RFR (S): 8182703: Correct G1 barrier queue lock orderings

Mon Jul 17 00:33:38 UTC 2017

> On Jul 11, 2017, at 8:07 AM, Erik Österlund <erik.osterlund at oracle.com> wrote:
>> This suggests a potential (though seemingly hard to avoid) fragility
>> resulting from the lowered lock rank.
> 
> Note that this does not matter for JavaThreads (including compiler threads), for concurrent refinement threads or concurrent marking threads, nor does it matter for any thread when marking is not active.
> 
> So it seems to me that the worst consequence of this is possibly worse latency for operations coinciding in time with concurrent marking, that have large amounts of mutations or resurrections, and are not performed by JavaThreads (including compiler threads) or GC threads (that are performing the concurrent marking) or concurrent refinement threads (that have nothing to do with SATB), that are running concurrently with each other.
> 
> That does not seem to be a huge problem in my book. If it was, and an unknown bunch of non-JavaThreads are heavily mutating or resurrecting objects concurrent to marking, such that contention is inflicted on the shared queue lock for the shared SATB queue, then the right solution for that seems to be to give such threads their own local queue, rather than to reduce the time spent under the surprisingly hot shared queue lock.

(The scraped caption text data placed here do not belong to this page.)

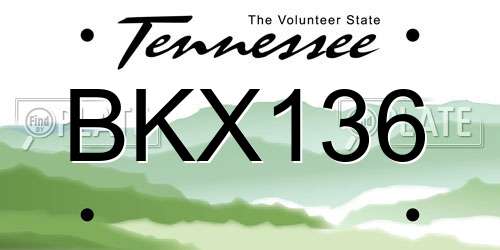 BKX136 Tennessee License Plate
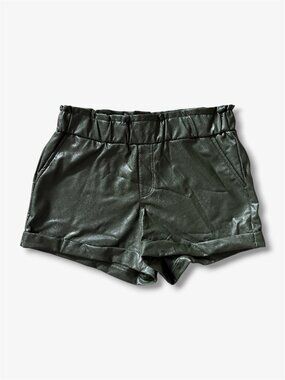 Sincerely Jules Dark Green Faux Leather Paperbag Shorts Womens Medium Festival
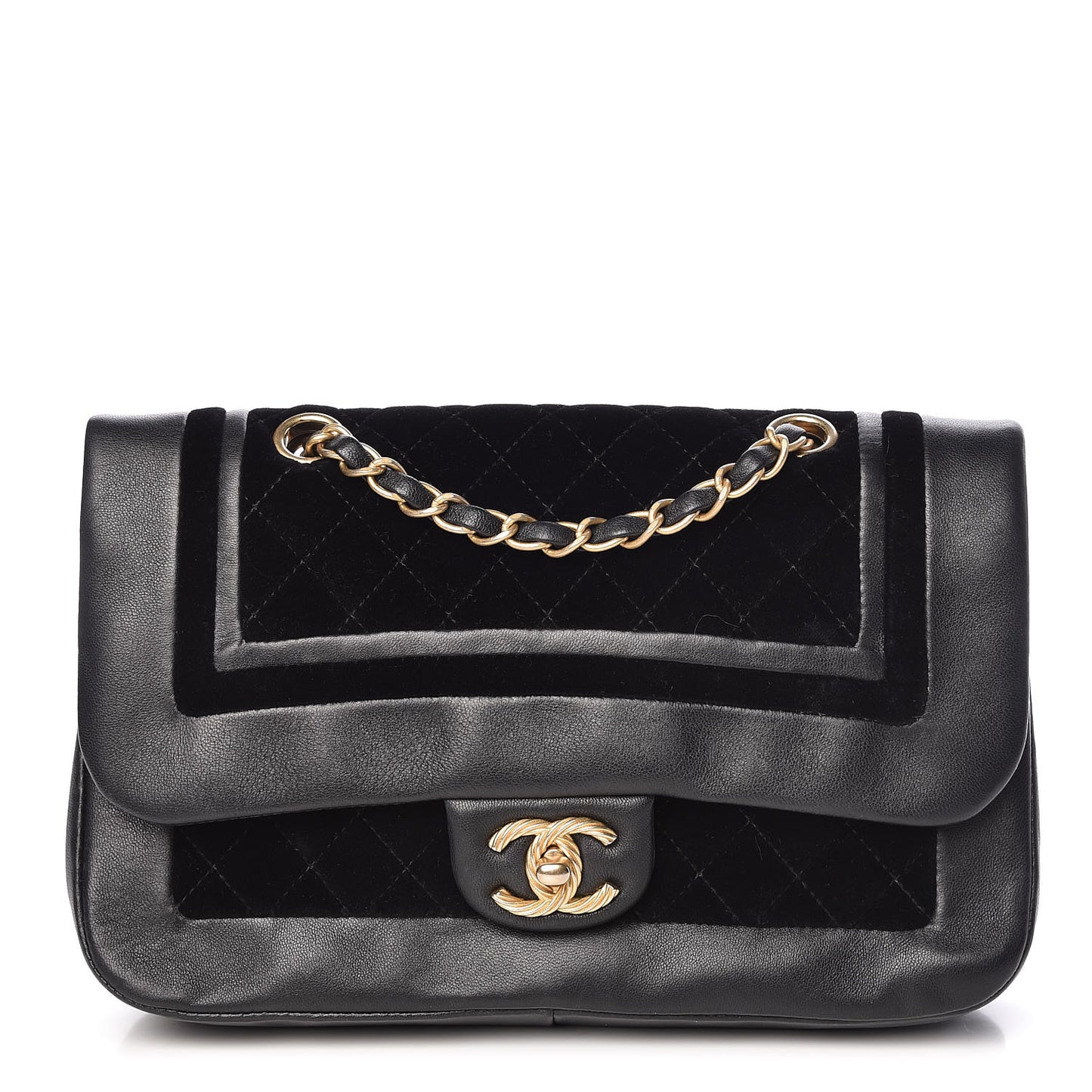 Metallic Lambskin Velvet Quilted Medium Flap Black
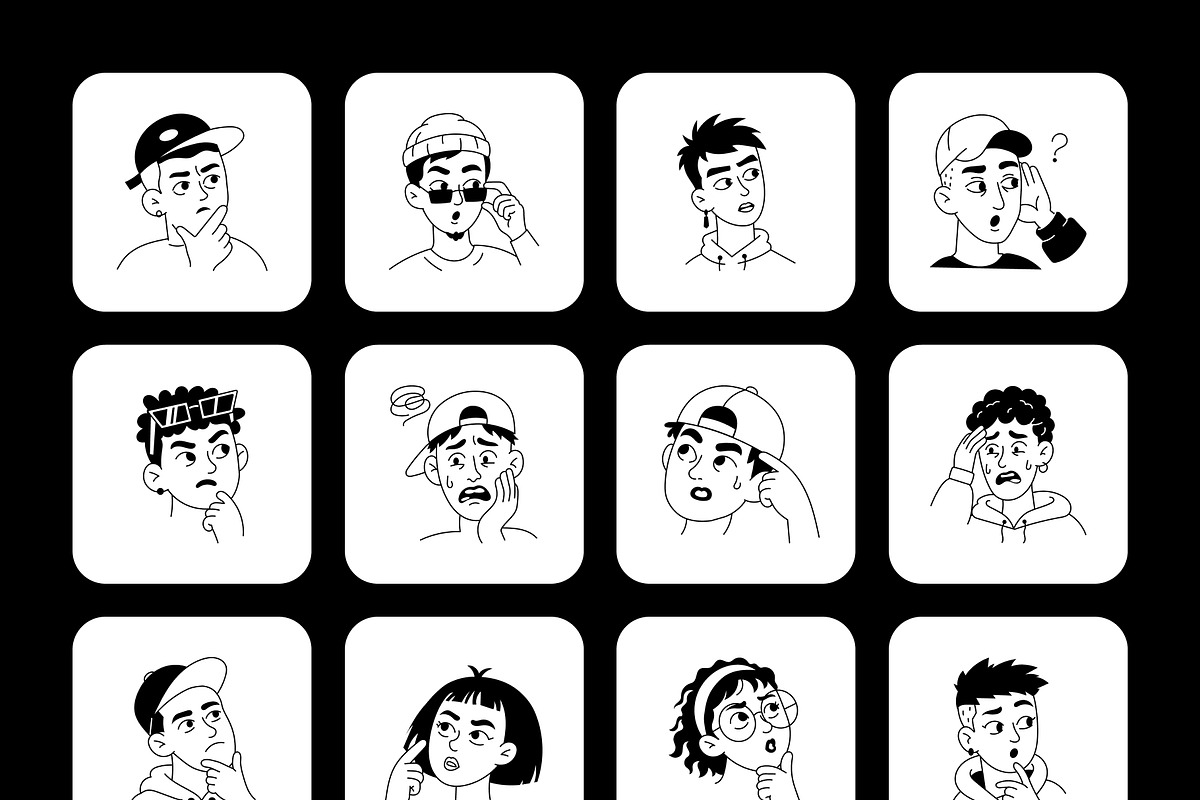 240 Facial Expressions Icons, an Outline Icon by Prosymbols (Photo 13 of 15)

I think this part of the reply misses my point, though later
discussion is on the right track.

The rank for any locks in the filtering or mutator assist code can be
anything not higher than the CBL lock ranks, since filtering and
mutator assist are invoked in related contexts.  Any locks in the
filtering code must be lower than the shared queue lock ranks.

Reducing the CBL and shared queue ranks to allow them to be locked in
more contexts implicitly imposes additional requirements on the
filtering and mutator assist code, especially the latter, which is not
presently invoked while holding the shared queue lock.  Code which
would have been "easily" safe before this change may now be not so
easy, or may even be broken.  In this discussion we've already
identified two places that require further repair before we can start
taking advantage of these reduced lock ranks.  And future changes in
those areas may be more difficult than with the old lock ranks.

But since I agree with the rationale for reducing the ranks of these
locks, it seems we need to accept these additional costs (some known
additional work needed, and restrictions on future changes).  But we
should remember these costs exist (RFEs for the additional work, maybe
some comments on the filtering and mutator assist API functions
discussing the issue).

>> The present SATB filtering doesn't seem to acquire any locks, but it's
>> a non-trivial amount of code spread over multiple files, so would be
>> easy to miss something or break it in that respect.  Reducing the lock
>> ranks requires being very careful with the SATB filtering code.
> 
> IMO, adding any lock into the SATB barrier which is used all over hotspot in some very shady places arguably requires being very careful regardless of my changes. So I am going to assume whoever does that for whatever reason is going to be careful.
> 
>> The "mutator" help for dirty card queue processing is not presently
>> done for the shared queue, but I think could be today.  I'm less sure
>> about that with lowered queue lock ranks; I *think* there aren't any
>> relevant locks there (other than the very rare shared queue lock in
>> refine_card_concurrently), but that's a substantially larger and more
>> complex amount of code than SATB queue filtering.
> 
> As discussed with Thomas earlier in this thread, there are indeed locks blocking this. The HeapRegionRemSet::_m lock is currently a leaf lock. If collaborative refinement was to be performed on non-Java threads (and non-concurrent refinement threads), then this lock would have to decrease to the access rank first. But we concluded that warrants a new RFE with separate analysis.
> 
> As with the SATB queues though, I do not know what threads would be causing such trouble? It is not JavaThreads (including compiler threads), concurrent refinement threads, concurrent marking threads. That does not leave us with a whole lot of threads to cause that contention on the shared queue lock. And as with the SATB queues, if there are such threads that cause such contention on the shared queue lock, then the right fix seems to be to give them their own local queue and stop taking the shared queue lock in the first place.

A native thread copying a jweak to a (strong) jobject uses the shared
queue.  I don't think we're going to fix that by giving native threads
their own queues.

A Java thread calls into C++, takes a low-rank lock, and while holding
that lock touches a queue.  Everything in the queue touching needs to
be ranked lower than that lock, including filter and mutator assist
code.  That this isn't permitted today is beside the point; this seems
to me to be exactly the sort of situation this change is intended to
permit.

Since I think the rank reductions are a necessary (though not sufficient)
step, call it Reviewed.